Was sich aus dieser herablassenden Bemerkung ablesen lässt, ist nicht Verachtung für körperliche Arbeit, sondern stilisierte Unwissenheit. Es gehörte sich für eine Palastangehörige einfach nicht, etwas von Landarbeit zu verstehen, also stellt Shonagon sich in ihren Aufzeichnungen diesbezüglich bewusst dumm. Tatsächlich waren diese Texte nämlich doch verbreitete Lektüre bei Hofe. Michael Stein vermutet, dass die Notizen in einer heiklen politischen Situation, als die Position der Kaiserin eine Schwächung erfuhr und Shonagon sich dafür entscheiden musste, ihrer Herrin treu zu bleiben oder die Seite zu wechseln, zum Zwecke der Selbstüberprüfung angelegt wurden. In einem Postskriptum zu dem Textkonvolut heißt es: "Ich wollte diese Aufzeichnungen nach Möglichkeit verborgen halten, doch entgegen meinen Absichten sind sie nun allgemein bekanntgeworden." Im Wissen darum darf man bei etlichen Abschnitten eine bereits auf Außenwirkung gerichtete Absicht unterstellen.

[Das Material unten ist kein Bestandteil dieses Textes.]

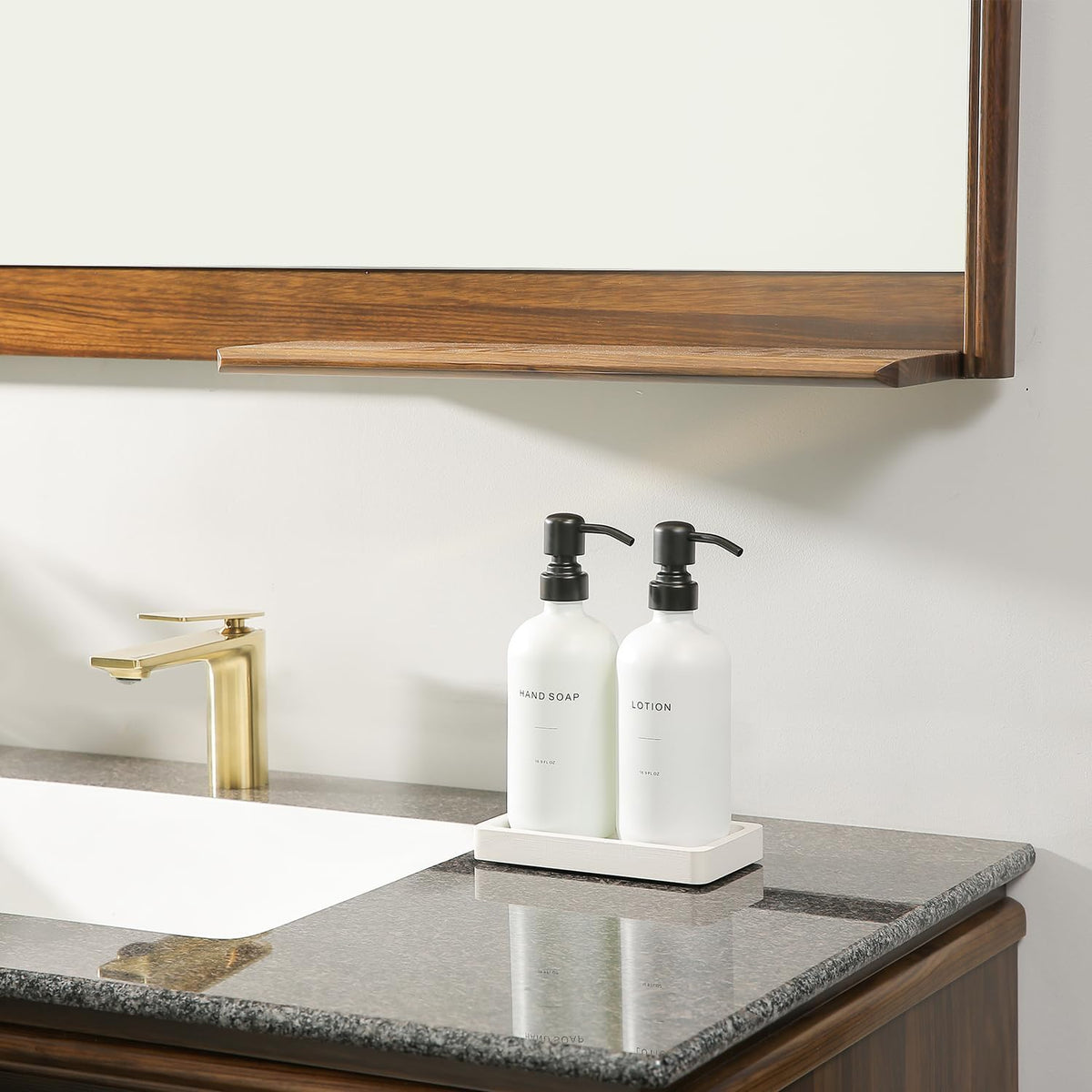 White Soap Dispenser Set, Contains Hand and Lotion Dispenser with Pump. Perfect for Guest Bathroom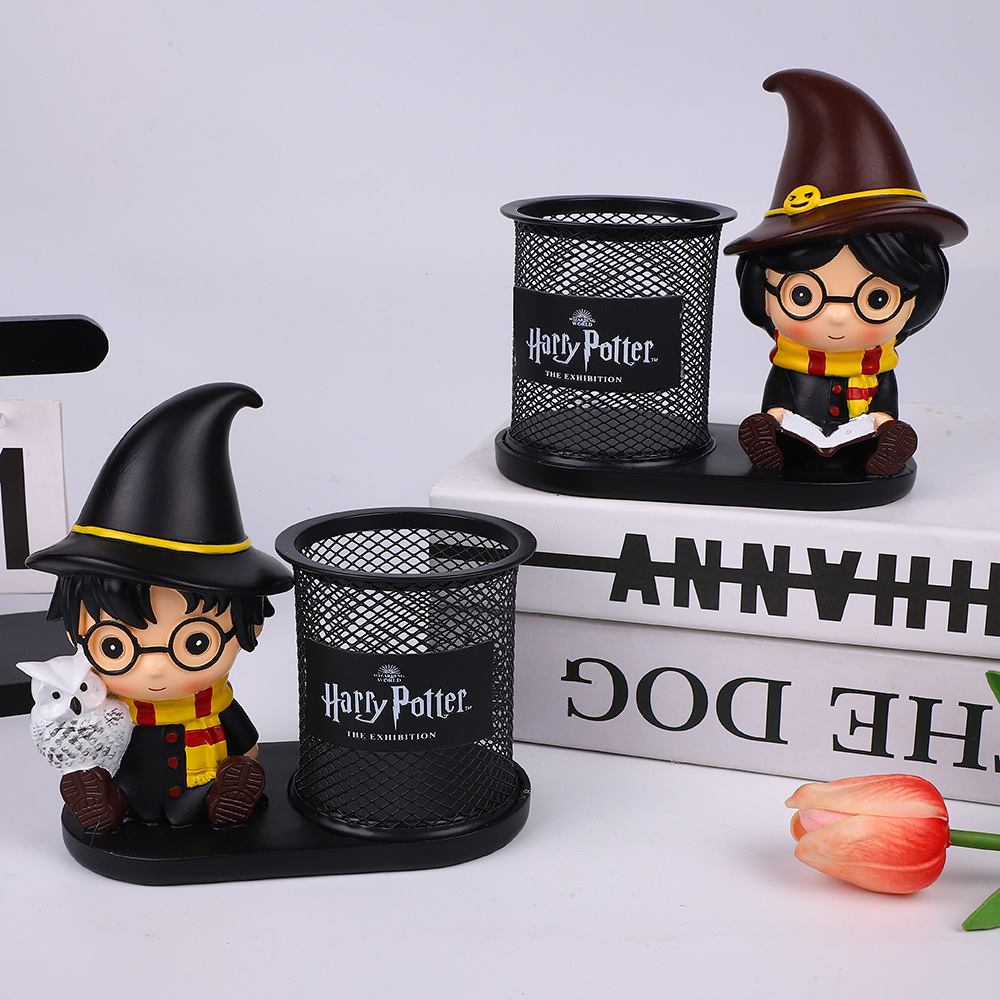 Estilismo de portalápices de Harry Potter, papelería de escritorio creativa, almacenamiento de suministros de oficina para estudiantes, capacidad simple y práctica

Umso wichtiger ist die von Stein in Fußnoten und einem biographischen Personenregister mustergültig besorgte Kommentierung dieses "Tagebuchs", das sich um Chronologie gar nicht schert. Die geschilderten Ereignisse sind jedoch oft über die erhaltenen Annalen jener Epoche datierbar, und der Verzicht auf eine zeitliche Reihenfolge wird ausgeglichen durch einen inneren Zusammenhang der Abschnitte, der thematischen wie rhythmischen Gesetzen gehorcht. Letztere sind in einer Übersetzung nicht zu retten, aber allein die Leistung, die Stein mit der Übertragung und Annotation der zahlreichen Gedichte vollbringt - Shonagon war bei Hofe berühmt-berüchtigt für ihre Fähigkeiten als vorwitzige Stegreifdichterin, die in der hochgeschätzten Kunst der Variation klassischer chinesischer Poesie brillierte -, ist eine Pioniertat. Zusammen mit dem japanischen Kaiserhof entsteht durch seine Arbeit auch die ganze Welt der fernöstlichen Dichtung jener Zeit vor uns neu.

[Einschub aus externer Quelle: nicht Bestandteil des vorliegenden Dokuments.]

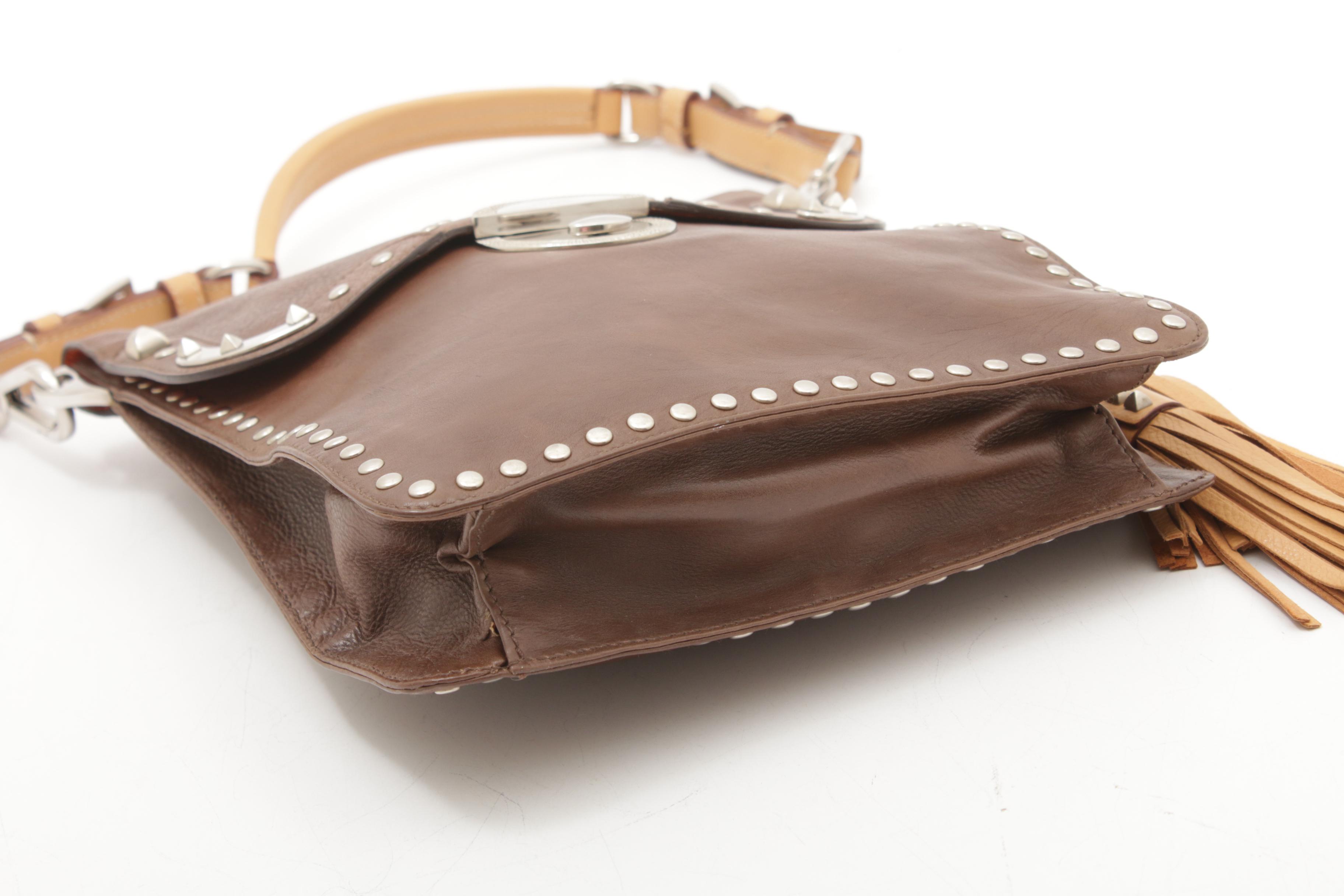 Prada Brown Leather Shoulder Bag with Silver Tone Studs and Tassel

Und Stein hat einen Tonfall für Sei Shonagons "Kopfkissenbuch" gefunden, der dessen Entstehungszeit und -situation gerecht wird, ohne archaisch oder exotisch zu klingen. Es genügen in den Palastszenen die Spezifika des seinerzeit gebräuchlichen Kalendariums oder der Architektur (die natürlich jeweils in den aus unerfindlichen Gründen leider senkrecht zum Satzspiegel gedruckten Fußnoten und dem Nachwort erläutert werden) und vor allem die Eleganz von Shonagons durch Stein verliehener Sprache, um aus der prinzipiellen Vieldeutigkeit des Japanischen einen in unseren Ohren höfischen und somit auch vertrauten Klang herauszudestillieren. Nur ein Beispiel: "An einem müßigen, sonnigen Tag um den 20. Tag des 2. Monats saß der Kaiser auf der westlichen Balustrade des Zwischenflügels und spielte Flöte. Herr Fujiwara no Takato, der Leiter des Ministeriums für Militärwesen, weilte als Kaiserlicher Flötenlehrer an seiner Seite; mir fällt leider nur die Allerweltsfloskel ,schlichtweg hinreißend und wundervoll' ein, um zu beschreiben, wie sie zu zweit das Stück Takasago spielten."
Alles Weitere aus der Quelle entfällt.